Russian plans to bypass the Bosphorus with oil pipelines to the Mediterranean ought to have become clearer last week, following President Vladimir Putin's visit to Ankara on the Monday, and his meeting with Greek Prime Minister Costas Karamanlis the following Thursday. But the week has ended in a fog of confusion and uncertainty.
Official communiques confirm that pipelines were on the agenda for talks in Turkey, at least between the Turkish and Russian oil ministers. A similar, if vague statement, appeared after Caramanlis visited the Kremlin. However, Transneft, the state pipeline agency, told The Russia Journal that in Ankara "there were no negotiations on the Bosphorus."
Although Semyon Vainshtok, Transneft's chief executive, was with Putin in Ankara, his spokesman Sergei Grigoriev said: "Vainshtok was in Turkey with Putin as a representative of business circles."
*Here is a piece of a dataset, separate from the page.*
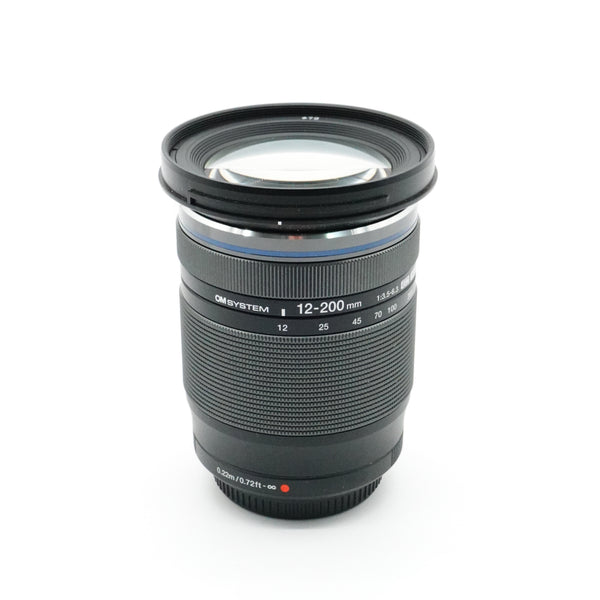 Pre-Owned OM System M. ZUIKO Digital 12-200mm f/3.5-6.3 ED MSC Lens With Caps & Hood SN: 350022589 (Second Hand)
Early this year, Vainshtok proposed a Bosphorus bypass pipeline, to run from Kiyikoy to Ibrikhaba, bypassing the Bosphorus, and also challenging the US-backed pipeline route carrying Caspian Sea oil to Ceyhan, on the Mediterranean. The Transneft pipeline proposal carries an estimated price tag of $900 million.
In November, Vainshtok came out against the decade-old plan to pipe Russian crude to the Aegean port of Alexandropoulos, from the Bulgarian terminal of Burgas, supplied by a tanker shuttle across the Black Sea. Vainshtok claimed the 320-km project, costing about $670 million, is not economically viable.
An industry source told The Russia Journal that there were no decisions in Transneft's favour in Ankara, and no decisions against the Greek-Bulgarian plan in Moscow.